Added OpQuantizeToF16 tests to compute shaders.
authorAndrew Woloszyn <awoloszyn@google.com>
Fri, 11 Dec 2015 18:20:17 +0000 (13:20 -0500)
committerLei Zhang <antiagainst@google.com>
Tue, 15 Dec 2015 20:08:34 +0000 (15:08 -0500)
external/vulkancts/modules/vulkan/spirv_assembly/vktSpvAsmComputeShaderCase.cpp
external/vulkancts/modules/vulkan/spirv_assembly/vktSpvAsmComputeShaderTestUtil.hpp
external/vulkancts/modules/vulkan/spirv_assembly/vktSpvAsmInstructionTests.cpp

index d848695..8bb83e5 100644 (file)
@@ -48,10 +48,11 @@ namespace
 using namespace vk;
 using std::vector;
 
-typedef de::MovePtr<Allocation>                        AllocationMp;
-typedef de::SharedPtr<Allocation>              AllocationSp;
-typedef Unique<VkBuffer>                               BufferHandleUp;
-typedef de::SharedPtr<BufferHandleUp>  BufferHandleSp;
+typedef vkt::SpirVAssembly::AllocationMp                       AllocationMp;
+typedef vkt::SpirVAssembly::AllocationSp                       AllocationSp;
+
+typedef Unique<VkBuffer>                                                       BufferHandleUp;
+typedef de::SharedPtr<BufferHandleUp>                          BufferHandleSp;
 
 /*--------------------------------------------------------------------*//*!
  * \brief Create storage buffer, allocate and bind memory for the buffer
@@ -415,13 +416,20 @@ tcu::TestStatus SpvAsmComputeShaderInstance::iterate (void)
        VK_CHECK(vkdi.waitForFences(device, 1, &cmdCompleteFence.get(), 0u, infiniteTimeout)); // \note: timeout is failure
 
        // Check output.
-
-       for (size_t outputNdx = 0; outputNdx < m_shaderSpec.outputs.size(); ++outputNdx)
+       if (m_shaderSpec.verifyIO)
        {
-               const BufferSp& expectedOutput = m_shaderSpec.outputs[outputNdx];
-               if (deMemCmp(expectedOutput->data(), outputAllocs[outputNdx]->getHostPtr(), expectedOutput->getNumBytes()))
+               if (!(*m_shaderSpec.verifyIO)(m_shaderSpec.inputs, outputAllocs, m_shaderSpec.outputs))
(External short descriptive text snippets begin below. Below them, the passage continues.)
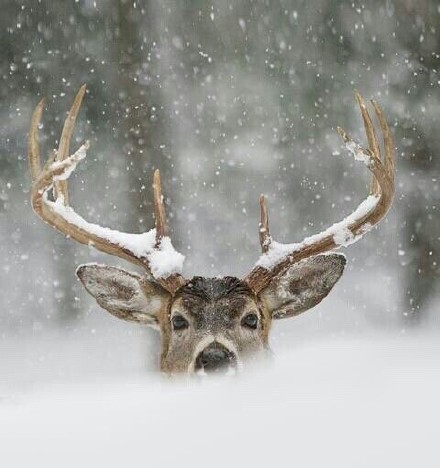 冬日森林麋鹿摄影作品欣赏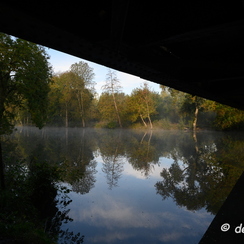 2019-10-22-55brumesZ7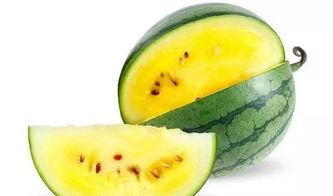 伦敦吃瓜地图,跟随吃瓜地图解锁城市味蕾之旅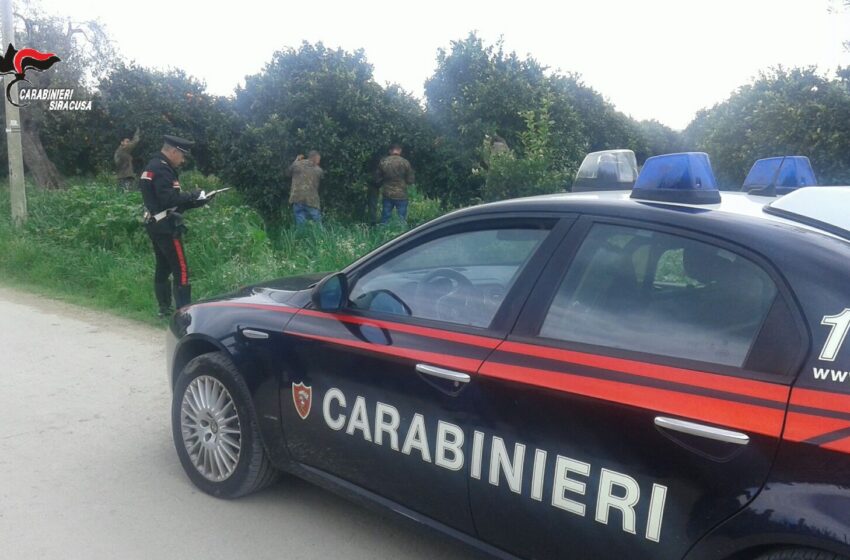  Lavoro nero, ispezioni in provincia: sospese sei attività, multe per 100mila euro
                        return tcu::TestStatus::fail("Output doesn't match with expected");
        }
+       else
+       {
+               for (size_t outputNdx = 0; outputNdx < m_shaderSpec.outputs.size(); ++outputNdx)
+               {
+                       const BufferSp& expectedOutput = m_shaderSpec.outputs[outputNdx];
+                       if (deMemCmp(expectedOutput->data(), outputAllocs[outputNdx]->getHostPtr(), expectedOutput->getNumBytes()))
+                               return tcu::TestStatus::fail("Output doesn't match with expected");
+               }
+       }
 
        return tcu::TestStatus::pass("Ouput match with expected");
 }
index 01af95d..f3f37e1 100644 (file)
@@ -37,6 +37,7 @@
 #include "deDefs.h"
 #include "deSharedPtr.hpp"
 #include "tcuVector.hpp"
+#include "vkMemUtil.hpp"
 
 #include <string>
 #include <vector>
@@ -46,6 +47,9 @@ namespace vkt
 namespace SpirVAssembly
 {
 
+typedef de::MovePtr<vk::Allocation>                    AllocationMp;
+typedef de::SharedPtr<vk::Allocation>          AllocationSp;
+
 /*--------------------------------------------------------------------*//*!
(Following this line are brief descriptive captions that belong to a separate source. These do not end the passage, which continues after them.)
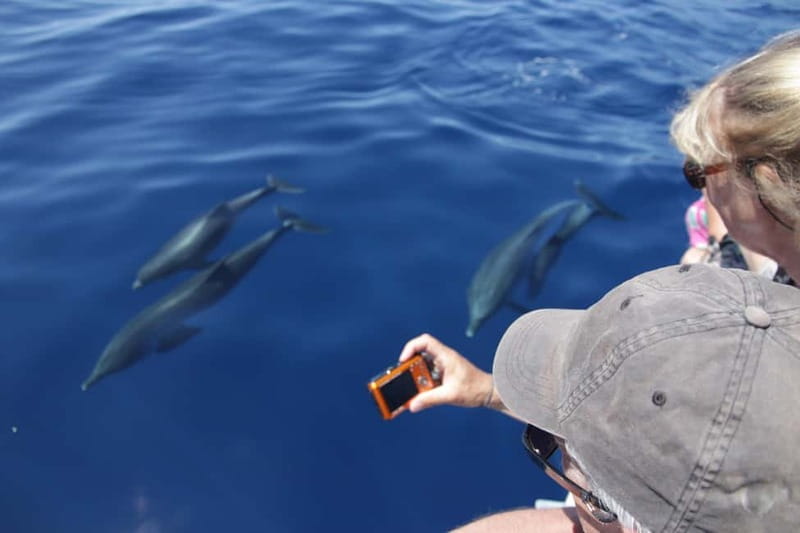 Los Gigantes: Whale or Dolphin Watching Tour and Swim in Masca - Setting off from Los Gigantes, fast and simple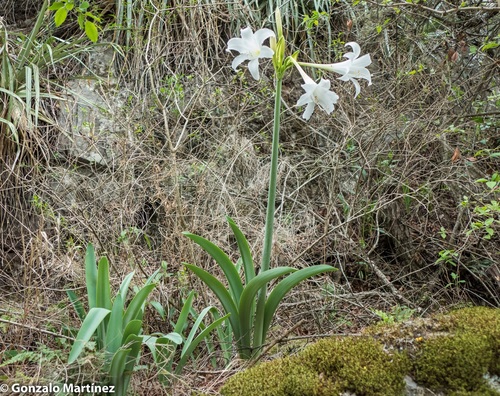 Hippeastrum argentinum, photograph 2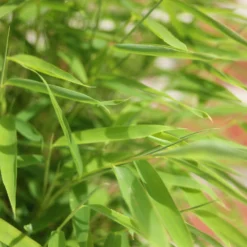 Bambus 'Lolliloops'(S), 2er-Set, Topf 5 Liter -Angebote Gruen Trieb Store 0425100442 Fargesia mur Lolliloops 2er Set 3 104791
  * \brief Abstract class for an input/output storage buffer object
  *//*--------------------------------------------------------------------*/
@@ -99,6 +103,16 @@ struct ComputeShaderSpec
        std::vector<BufferSp>   outputs;
        tcu::IVec3                              numWorkGroups;
        std::vector<deUint32>   specConstants;
+       // If null, a default verification will be performed by comparing the memory pointed to by outputAllocations
+       // and the contents of expectedOutputs. Otherwise the function pointed to by verifyIO will be called.
+       // If true is returned, then the test case is assumed to have passed, if false is returned, then the test
+       // case is assumed to have failed.
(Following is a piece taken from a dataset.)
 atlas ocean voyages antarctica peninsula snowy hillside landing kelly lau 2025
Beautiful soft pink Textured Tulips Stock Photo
+       bool                                    (*verifyIO)(const std::vector<BufferSp>& inputs, const std::vector<AllocationSp>& outputAllocations, const std::vector<BufferSp>& expectedOutputs);
+
+                                                       ComputeShaderSpec()
+                                                               : verifyIO(DE_NULL)
+                                                       {}
+
 };
 
 } // SpirVAssembly
index 325b1c8..94eafa9 100644 (file)
@@ -63,6 +63,8 @@
 #include "vktSpvAsmComputeShaderTestUtil.hpp"
 #include "vktTestCaseUtil.hpp"
 
+#include <cmath>
+#include <limits>
 #include <map>
 #include <string>
 #include <sstream>
@@ -2061,6 +2063,278 @@ tcu::TestCaseGroup* createOpConstantCompositeGroup (tcu::TestContext& testCtx)
        return group.release();
 }
 
+// Creates a floating point number with the given exponent, and significand
+// bits set. It can only create normalized numbers. Only the least significant
+// 24 bits of the significand will be examined. The final bit of the
+// significand will also be ignored. This allows alignment to be written
+// similarly to C99 hex-floats.
+// For example if you wanted to write 0x1.7f34p-12 you would call
+// constructNormalizedFloat(-12, 0x7f3400)
+float constructNormalizedFloat (deInt32 exponent, deUint32 significand)
+{
+       float f = 1.0f;
+
+       for (deInt32 idx = 0; idx < 23; ++idx)
+       {
+               f += ((significand & 0x800000) == 0) ? 0.f : std::ldexp(1.0f, -idx);
+               significand <<= 1;
+       }
+
+       return std::ldexp(f, exponent);
+}
+
+// Compare instruction for the OpQuantizeF16 compute exact case.
+// Returns true if the output is what is expected from the test case.
+bool compareOpQuantizeF16ComputeExactCase (const std::vector<BufferSp>&, const vector<AllocationSp>& outputAllocs, const std::vector<BufferSp>& expectedOutputs)
+{
+       if (outputAllocs.size() != 1)
+               return false;
+
+       // We really just need this for size because we cannot compare Nans.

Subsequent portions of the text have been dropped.